We are constantly barraged with advertisements telling us what we should do, how we should act, where we should go and how we should feel. Long looks from neighbors and coworkers when you don’t wear the right colors. Expected attendance at Christmas parties. The inevitable holiday family movie, with everyone making up and getting along in the end. A fairytale of good times that everyone can enjoy.
But life doesn’t always follow those paths. And when it doesn’t we are expected to feel bad that they don’t and we ourselves somehow bear that blame. Is it any wonder that depression is highest during the holiday season? I think perhaps it is not just due to the shorter days.
I used to feel that way, that I was wrong in my budding dislike of the season. That I should be happy this time of year. That is, until several years ago, when I was told by someone I respected that there are no rules. I can chose not to participate. Or perhaps instead, take some part of that holiday season make it my own.
Sage advice.
I don’t consider myself a Christian anymore and haven’t for some time. So why was I celebrating Christmas? Why am I stressing about something I no longer believe. Why am I pandering to the pressures of a holiday that strikes me more as an opportunity for consumerism, than a celebration of spirituality.
I can’t say that it was a simple or quick transition. I clung to my past like a lifeline. But times change and people change. I changed, too. I learned I could navigate that pool of holiday cheer.

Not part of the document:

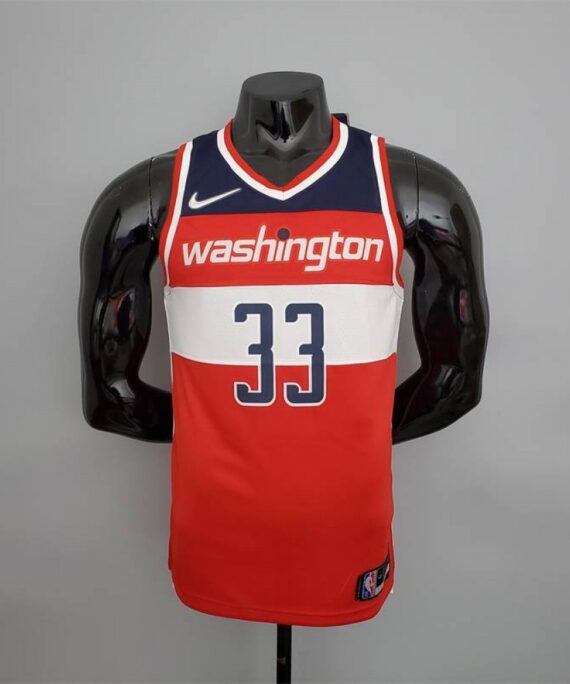 Kyle Kuzma Basketball Jersey #33 Washington Wizards 75th Anniversary Edition Red/White/Blue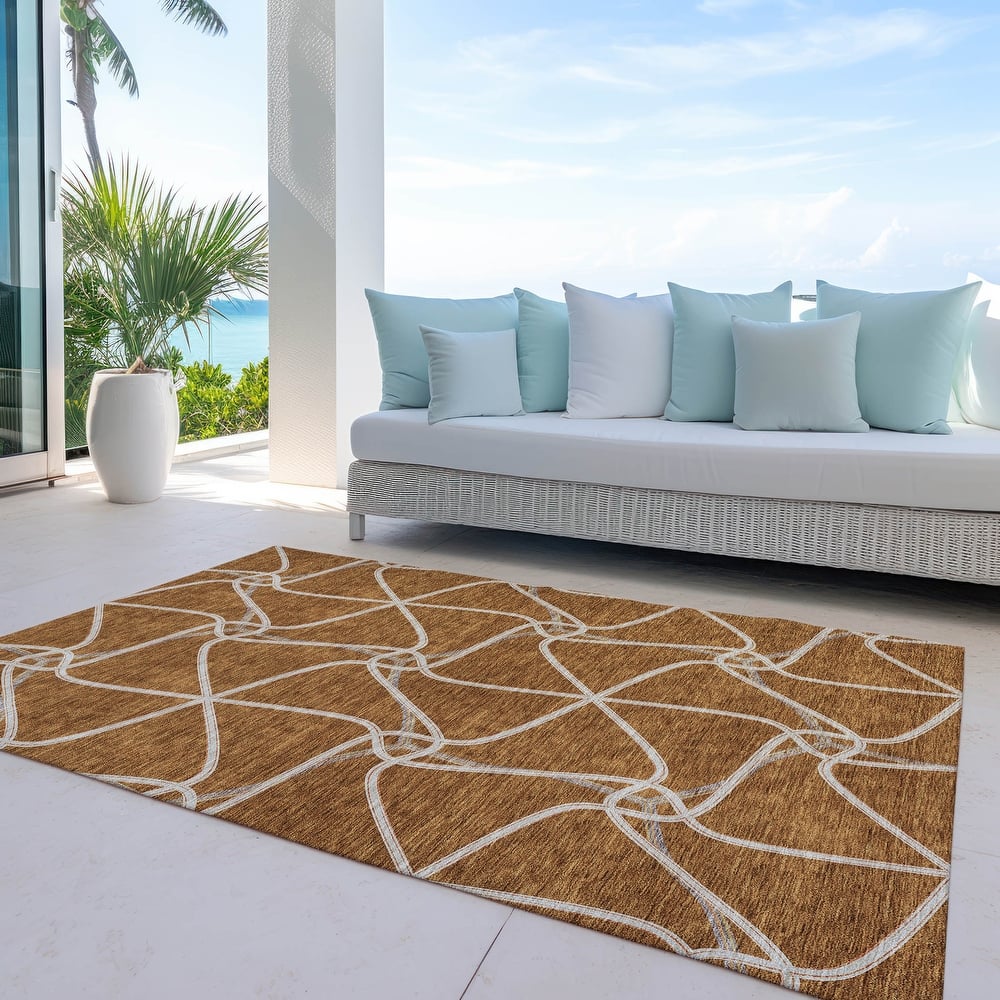 Machine Washable Indoor/ Outdoor Contemporary Links Chantille Rug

That I really did know how to swim and swim away from it. That I don’t have to get in line and get with the program. That there is a different drummer out there if you listen hard enough.
So starting with Samhain, I will try, as I do every year now, to walk my own path through the field of holiday land mines. You won’t find me putting out pumpkins or hanging bed sheet ghosts from my myrtle tree. You won't see cardboard turkeys in faux Puritan hats in my windows. My December decorations will be of more natural things like evergreen wreaths and centerpieces. I love the smell of them and they get an honored place on the table, and by the front door. The week before and after the Solstice, I will light an oil lamp each night for a few hours. And on the day of the Winter Solstice we will mix our batch of mead and open the one present we get for each other. We will walk out into the park and watch the sun set over the lake. Then, when we return to the house, we light the candles, eschewing any electric lights. Each a tiny bonfire of marking the longest night of the year, and welcoming the return of the sun, with one lone flame burning through the night until sunrise.
I still buy Christmas presents for family and friends. I respect their tradition, just as I hope they will respect mine. And I will continue to say "Happy Holidays" as we approach the end of this year. And to my friends and family I may even wish you a Merry Christmas, or Happy Hanukkah, or Ramadan, or Kwanzaa, or Omisoka. I may even wish you a Merry Solstice if I know which way your wind blows, so to speak. But please don’t take offense if I wish you “Happy Holidays". Christians aren’t the only ones celebrating a holiday this season. I don’t assume to know your tradition.
Why must you insist I follow yours….?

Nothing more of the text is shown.